Restoring cluster objects from exported YAML files

To restore objects from exported YAML files, follow these steps:

  1. Prepare the YAML files for restoration. Before applying them to the cluster, remove technical fields that may be outdated or interfere with the recovery process:

    • creationTimestamp
    • UID
    • status

    You can edit these fields manually or use YAML/JSON processing tools such as yq or jq.

  2. Create the objects in the cluster. To restore individual resources, run:

    d8 k create -f <PATH_TO_FILE>.json
    

    You can specify either a single file or a directory path.

  3. To restore multiple objects at once, use the find command:

    find $BACKUP_OUTPUT_DIR -type f -name "*.yaml" -exec d8 k create -f {} \;
    

    This will locate all .yaml files within the specified $BACKUP_OUTPUT_DIR and apply them sequentially using d8 k create.

After completing these steps, the selected objects will be recreated in the cluster based on the definitions in the YAML files.
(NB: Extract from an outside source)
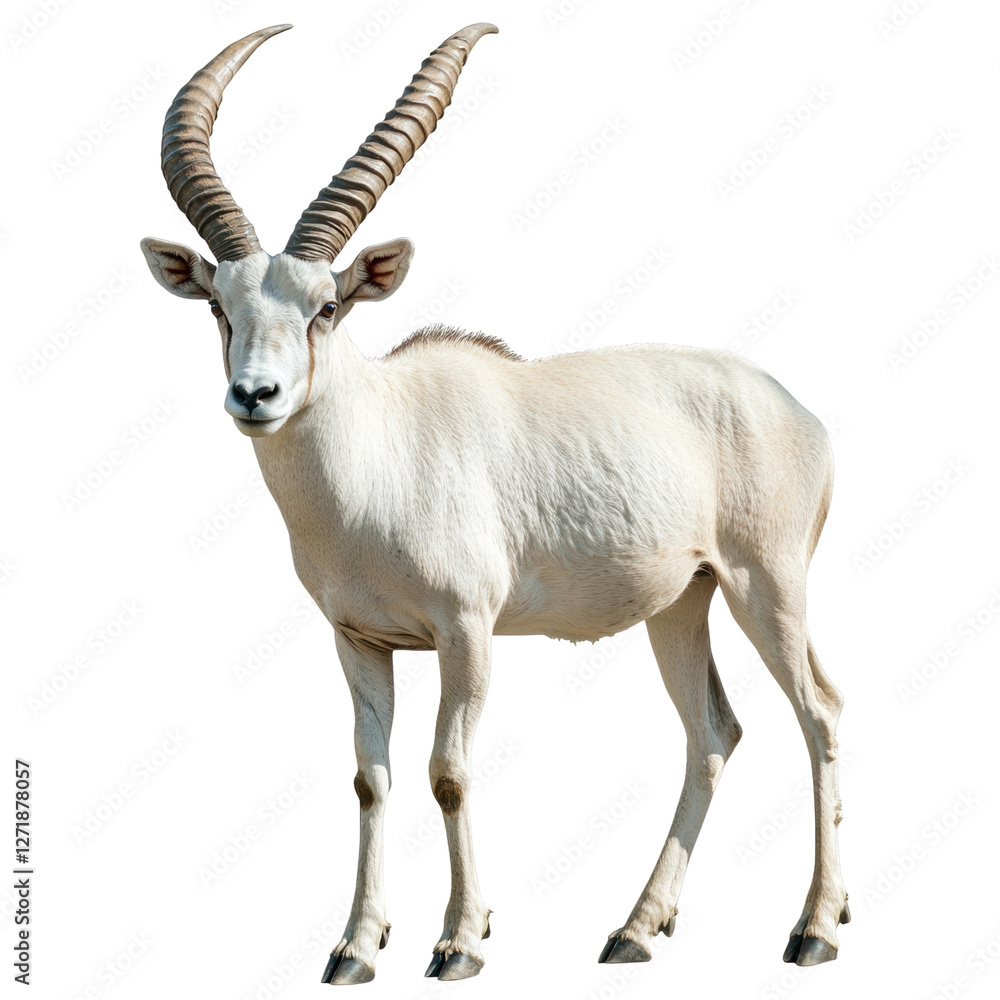 Fototapeta premium Majestic White Antelope with Twisted Horns on a white background.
Restoring objects after changing the master node IP address

This section describes a scenario where only the IP address of the master node has changed, and all other objects in the etcd backup (such as CA certificates) remain valid. It assumes the restoration is performed in a single-master-node cluster.
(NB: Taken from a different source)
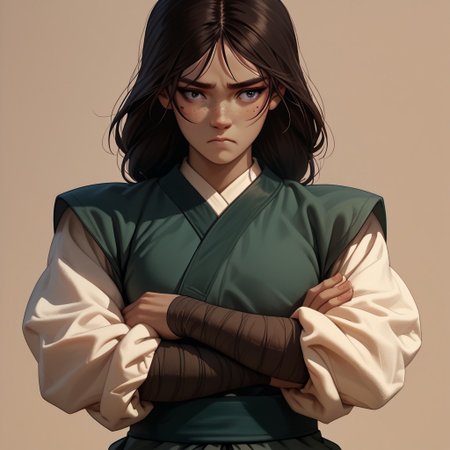 score_9, score_8_up, score_7_up, score_6_up, score_5_up, score_4_up, 1girl, kyoshi, dark skin, freckles, arms crossed, broad shoulders, tall, fit,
To restore etcd objects after changing the master node’s IP address, follow these steps:

  1. Restore etcd from the backup. Use the standard etcd restore procedure with a snapshot. Make sure not to change any parameters during restoration other than the etcd data itself.

  2. Update the IP address in static configuration files:

    • Check the Kubernetes component manifest files located in /etc/kubernetes/manifests/.
    • Review kubelet’s system configuration files (typically found in /etc/systemd/system/kubelet.service.d/ or similar directories).
    • Update the IP address in any other configurations that reference the old address, if necessary.
  3. Regenerate certificates that were issued for the old IP. Delete or move old certificates related to the API server and etcd (if applicable). Then generate new certificates, specifying the new master node IP address as a SAN (Subject Alternative Name).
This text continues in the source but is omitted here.